AIM OF THE TASK
Using the data below, return word for word every line from the one holding "Voja Brajović" down to the one holding "Promocja sprzedam ziemię działki". Leave pictures out.

ENTRIES SHOWN

- Opening Delimiter -

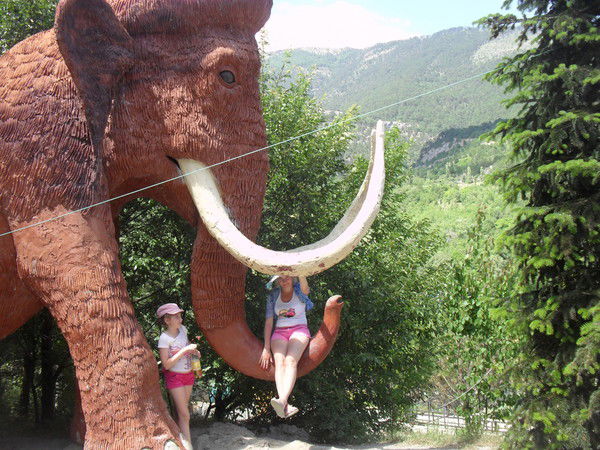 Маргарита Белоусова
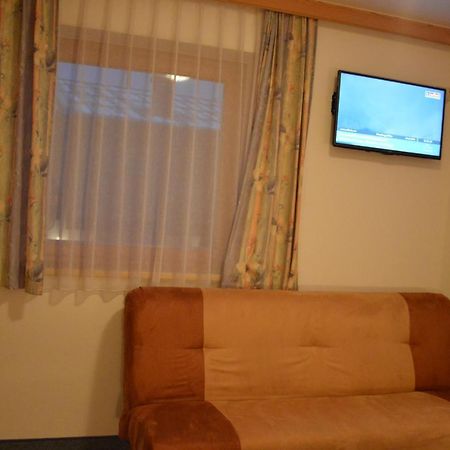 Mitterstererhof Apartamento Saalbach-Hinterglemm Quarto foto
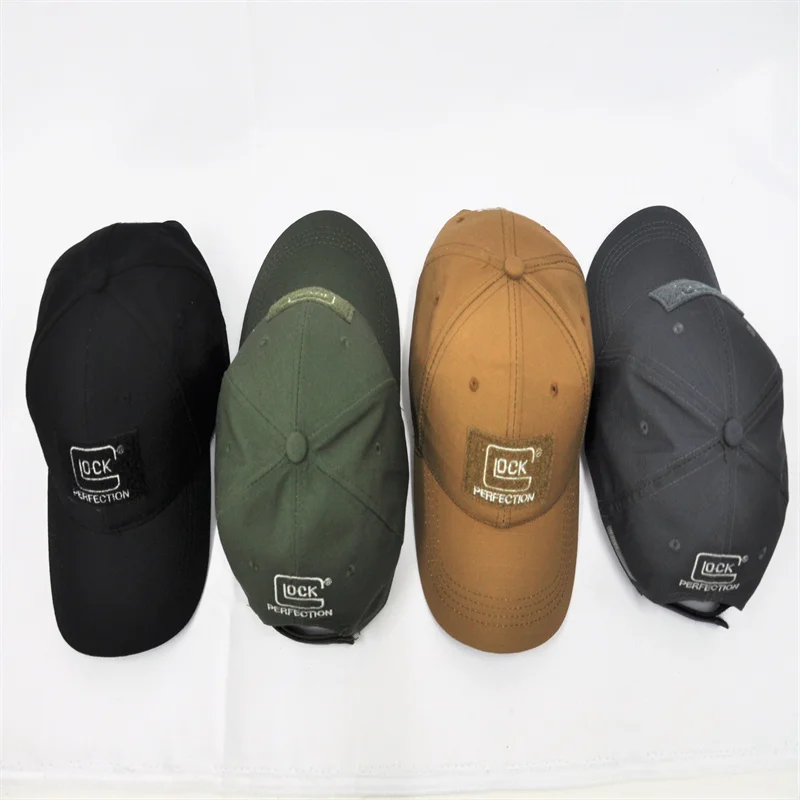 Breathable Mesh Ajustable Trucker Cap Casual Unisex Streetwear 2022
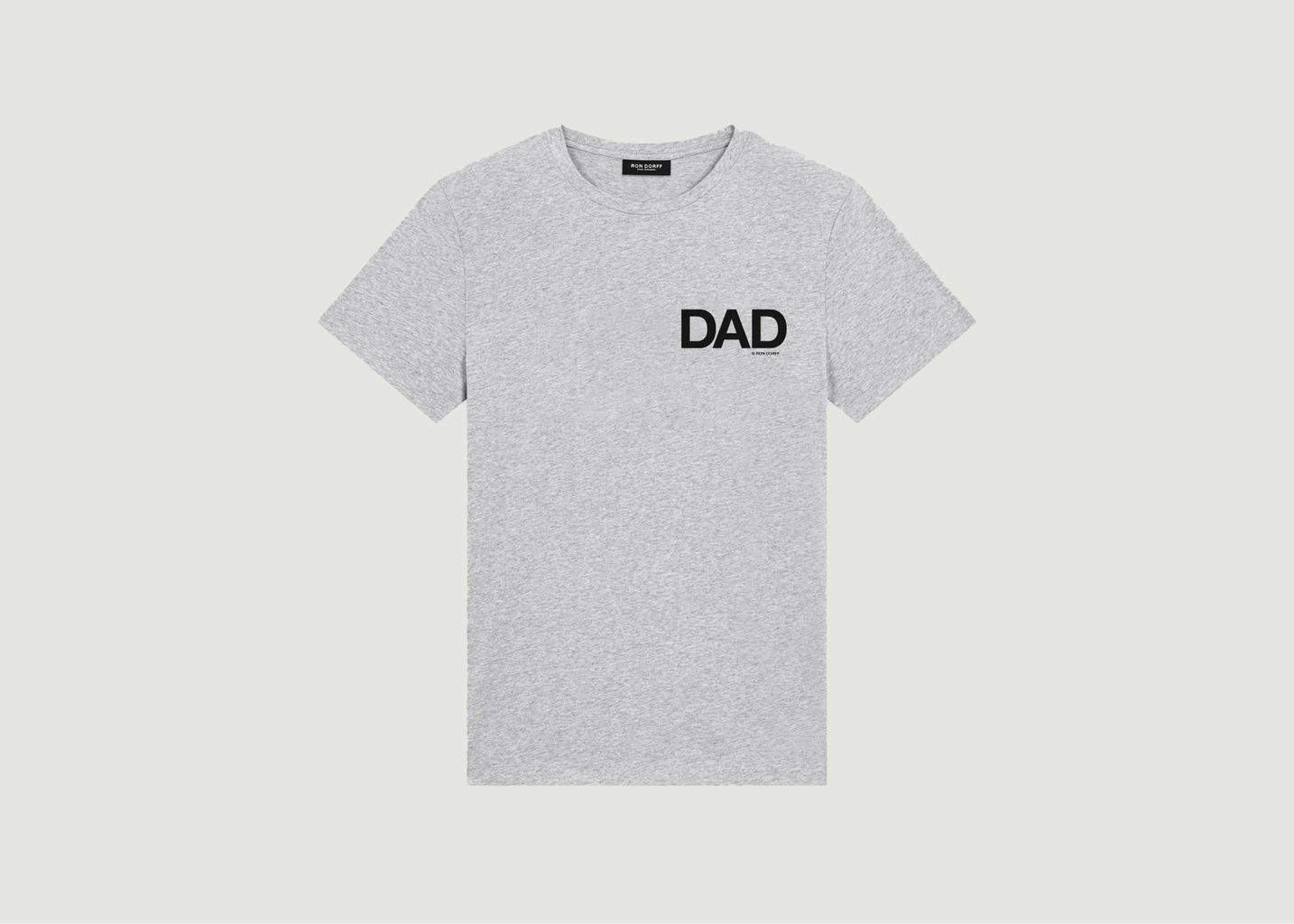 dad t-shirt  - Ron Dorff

- Closing Delimiter -
- Opening Delimiter -

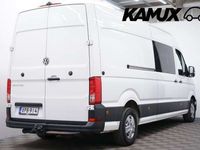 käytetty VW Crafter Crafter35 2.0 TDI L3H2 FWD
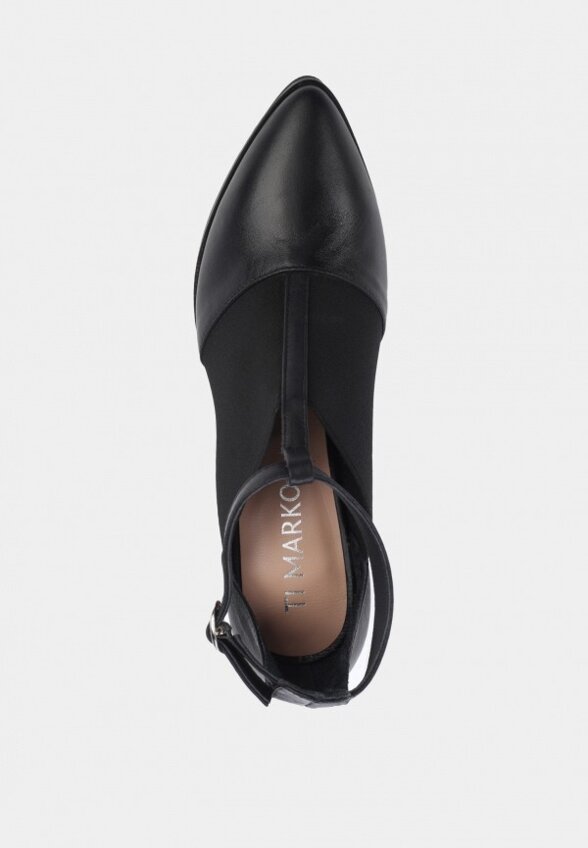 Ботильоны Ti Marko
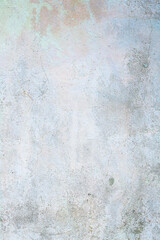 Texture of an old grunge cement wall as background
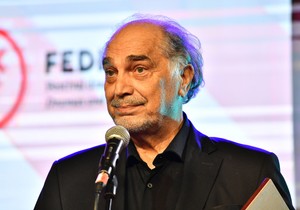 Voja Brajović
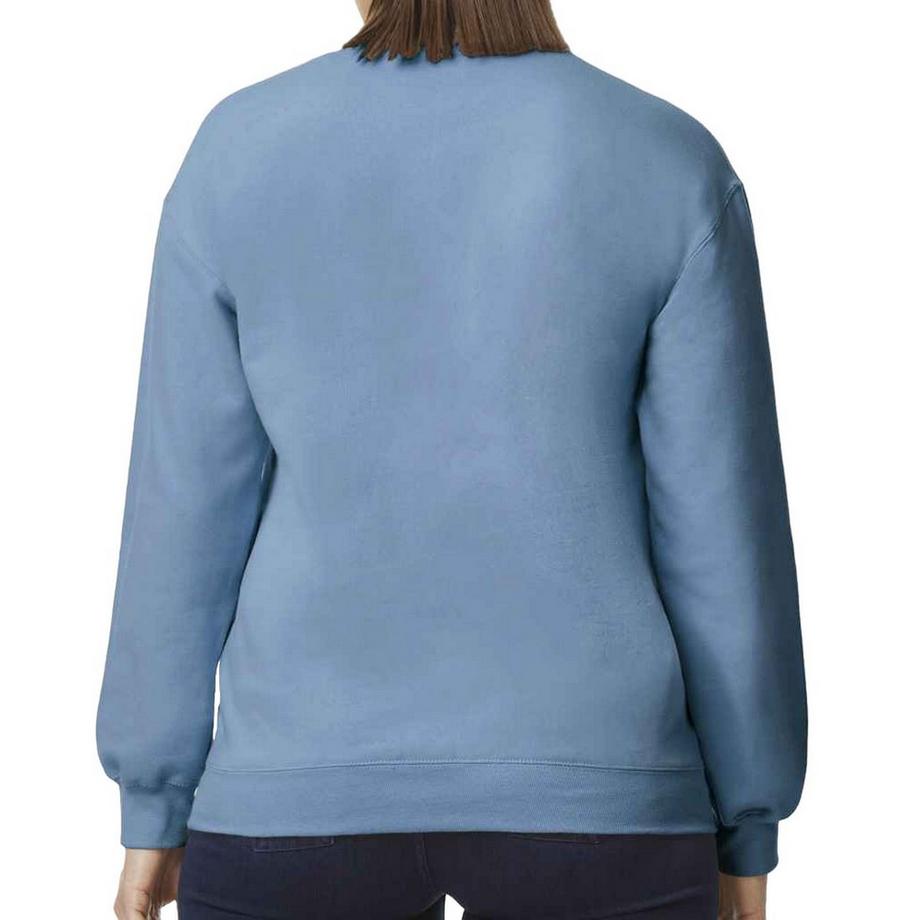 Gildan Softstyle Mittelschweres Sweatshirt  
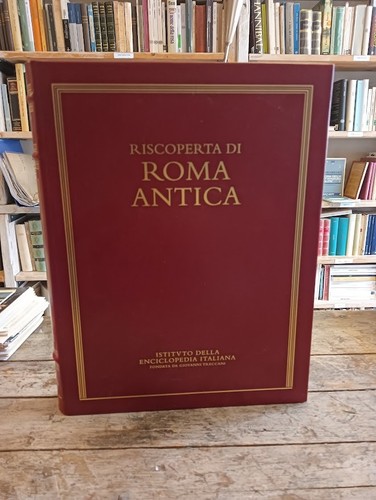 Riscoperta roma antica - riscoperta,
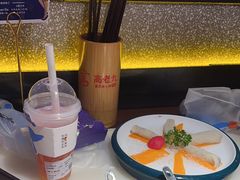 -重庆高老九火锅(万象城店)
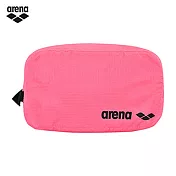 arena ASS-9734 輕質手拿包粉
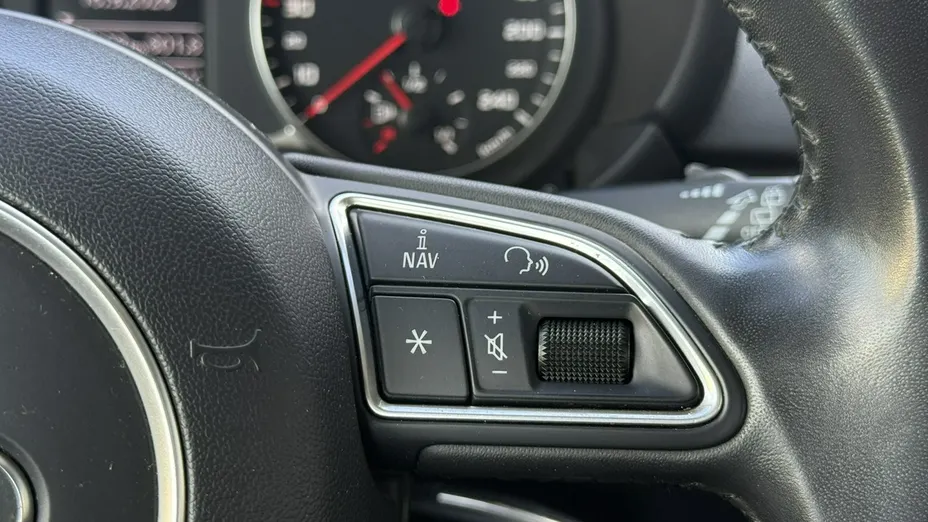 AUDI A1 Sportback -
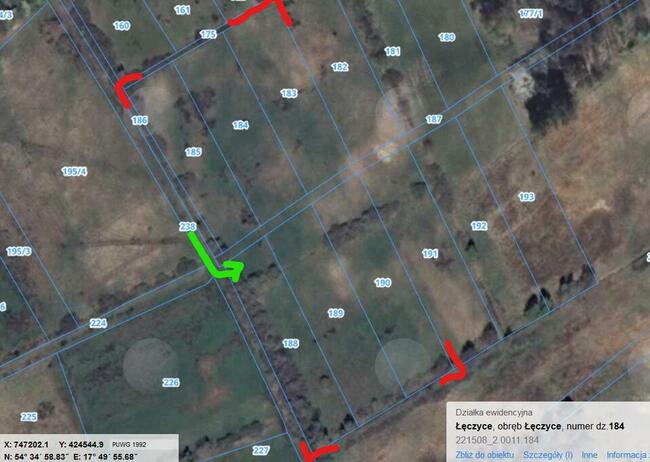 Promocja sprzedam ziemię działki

- Closing Delimiter -

ANSWER SPACE
 Voja Brajović
 Gildan Softstyle Mittelschweres Sweatshirt  
 Riscoperta roma antica - riscoperta,
 -重庆高老九火锅(万象城店)
 arena ASS-9734 輕質手拿包粉
 AUDI A1 Sportback -
 Promocja sprzedam ziemię działki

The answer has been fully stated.